Closing recommendations
- Trial the feature on representative hardware and workflows before enabling it broadly. Measure idle Explorer memory, first‑open timings, and battery behavior under realistic conditions.
- For enterprise and VDI environments, wait for explicit management controls (Group Policy / Intune options) and a published resource budget before a fleet‑wide rollout.
- If context‑menu lag or slow enumeration remains a problem, diagnose installed shell extensions and provider integrations — preloading is unlikely to help these cases.

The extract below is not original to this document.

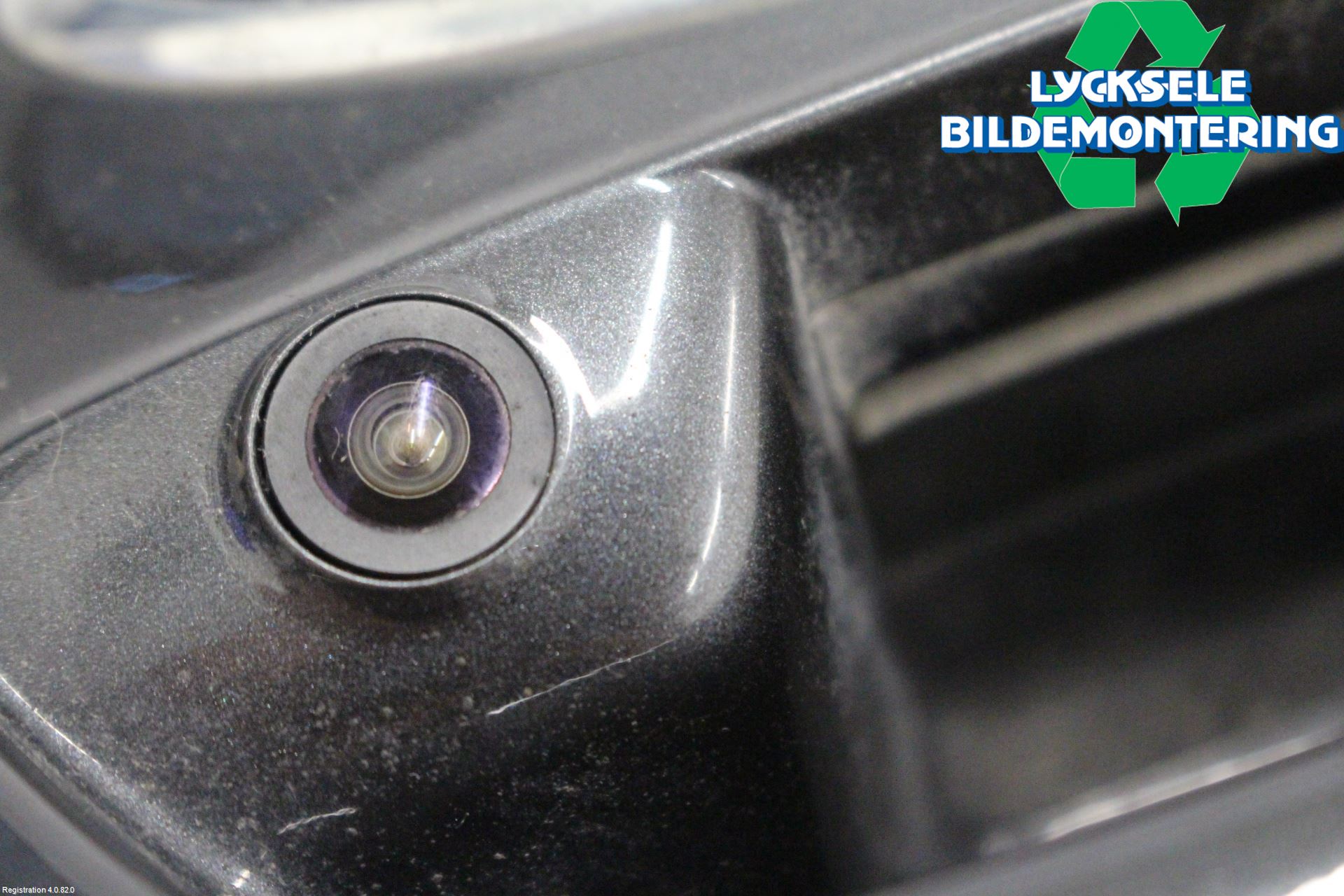 Kia RIO 17- Bakluckehandtag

The preload experiment shows Microsoft is responsive to user feedback about Explorer responsiveness and is choosing a measured path to improve the daily experience. The approach is technically sensible and likely to become a welcome quality‑of‑life improvement for many users — provided Microsoft pairs it with sensible heuristics, clear management controls, and continued work on the deeper performance problems that preloading alone cannot fix.